24 Ekim 2011 Pazartesi

Halkla ilişkiler mi Personel Yönetimi mi İnsan Kaynakları mı?

 -Ne okuyorsun/nerde çalışıyorsun kızım?
- İnsan Kaynakları teyzeciğim.
- Bizim de bir komşu var, o da senin gibi halkla ilişkilerde. Müdür olmuş hatta.
- Benimki İnsan Kaynakları ama..
- Ne farkı var yavrum? Ha Halkla İlişkiler, Ha İnsan Kaynakları işte.
- Benimki hani Çocuklar Duymasın’ın Meltem’i var ya onun gibi. Hani Haluk diyor ya, “Personel Müdürü”
.......
İK alanında çalışan/okuyan pek çok kişi benzer diyaloglar yaşamıştır eminim. Üstelik insan kaynaklarının halkla ilişkilerle karıştırılmasını önlemeye çalışırken personel yönetimiyle karıştırılmasına razı olur hale büründüğümü farkettim birden. Her ne kadar İkcılar tıpkı Meltem gibi İnsan Kaynaklarının Personel Yönetimi ile bir tutulmasına kızsa da, Halkla İlişkiler ile karıştırılması daha ürkütücü gözükmüştü gözüme. Ne de olsa insan kaynaklarının gelişiminin bir parçası sayılabilirdi “Personel Yönetimi”. Oysa Halkla İlişkiler hernekadar çalışanla olan iletişimi de kapsasa da nispeten uzak bir alandı. Bu yüzden ilk yazımda bu kavramları ele almak istedim.
Halkla ilişkiler; işletme ile hedef kitle arasında karşılıklı iletişimi, anlayışı, oluşturmaya ve sürdürmeye yardımcı olan faaliyetleri içerir.
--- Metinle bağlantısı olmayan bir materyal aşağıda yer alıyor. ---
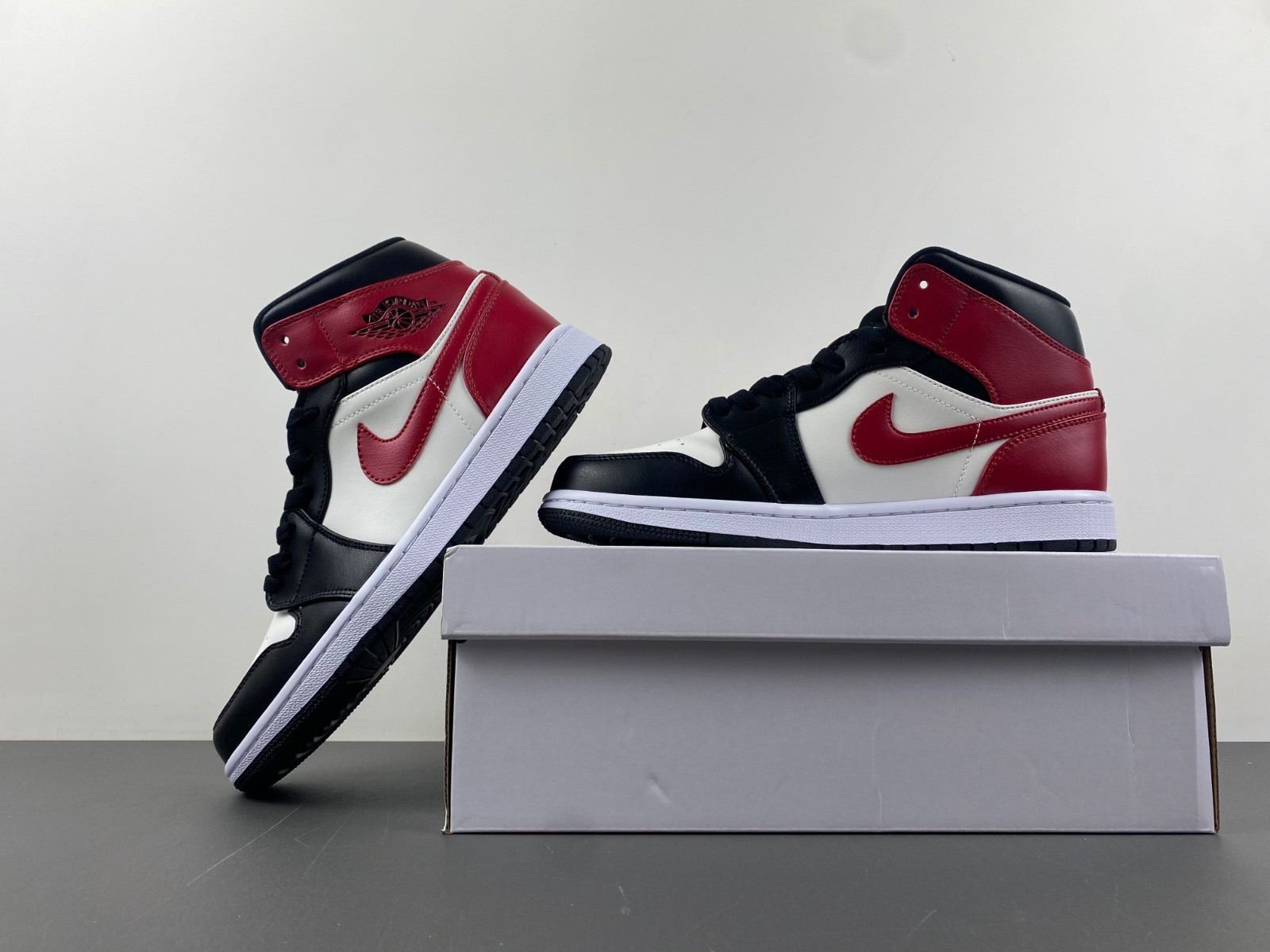 air jordan 1 mid women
Bir halkla ilişkiler uzmanının iş tanımı genellikle kurumiçi iletişimin sağlanmasının yanısıra; marka bilinirliğini artıracak faaliyetleri gerçekleştirmeyi, görsel ve yazılı basın ile ilişkileri yürütmeyi, basın bültenlerinin hazırlanmasını, reklam ve sponsorluk çalışmalarının organizasyonunu, fuar, kongre gibi organizasyonlara, sosyal sorumluluk projelerine katılımı sağlamayı vb. içermektedir.
İnsan kaynakları ise, insanı organizasyonun en önemli değeri olarak gören, organizasyonun verimliliğini artırmayı ve çalışanlarının ihtiyaçlarını gidermeyi hedefleyen; bunu da işe alım, ücretlendirme, eğitim, performans, kariyer yönetimi gibi süreçlerle gerçekleştirmeye çalışan bir bilim ve uygulama alanı. 1980 öncesinde ise akademik ve uygulama alanında “Personel Yönetimi” ismine sıkça rastlamaktayız. Uygulamada Personel Yönetiminin sadece ismen İnsan Kaynaklarına dönüştürüldüğüne de rastlansa da, aslında temelde Personel Yönetimi ile İnsan Kaynakları Yönetimi arasında iki temel fark vardır: Birincisi Personel Yönetimi insanı bir maliyet olarak görürken insan kaynakları yönetimi insan kaynağını bir yatırım olarak değerlendirir. İkincisi ise insan kaynaklarının yönetimin bir alt fonksiyonu olarak değil diğer fonksiyonlarla bütünleşik ve stratejik bir yapı olarak önem kazanmasıdır ki burdan da Stratejik İnsan Kaynakları kavramı doğmaktadır. Ancak henüz halkla ilişkiler, personel yönetimi ve insan kaynakları kavramları oturmamışken Stratejik İnsan Kaynakları bakış açısına erişmeyi beklemeyeceğim.
Bu yazıdan söz konusu kavramlardan ve farklılıklardan haberdar olmayanları kınadığım gibi bir sonuç çıkmasın. Ancak insan kaynaklarının gelişiminden umutlu olabilmek için insan kaynaklarına gönül veren herkesin başta insan kaynaklarının ne olup olmadığını anlaması ve sabırla anlatması, bu konuda farkındalık yaratması gerekiyor. Bir şeyi geliştirmek istiyorsak önce temelini atmamız ve bunun içinde üzerimize düşeni yapmamız şart.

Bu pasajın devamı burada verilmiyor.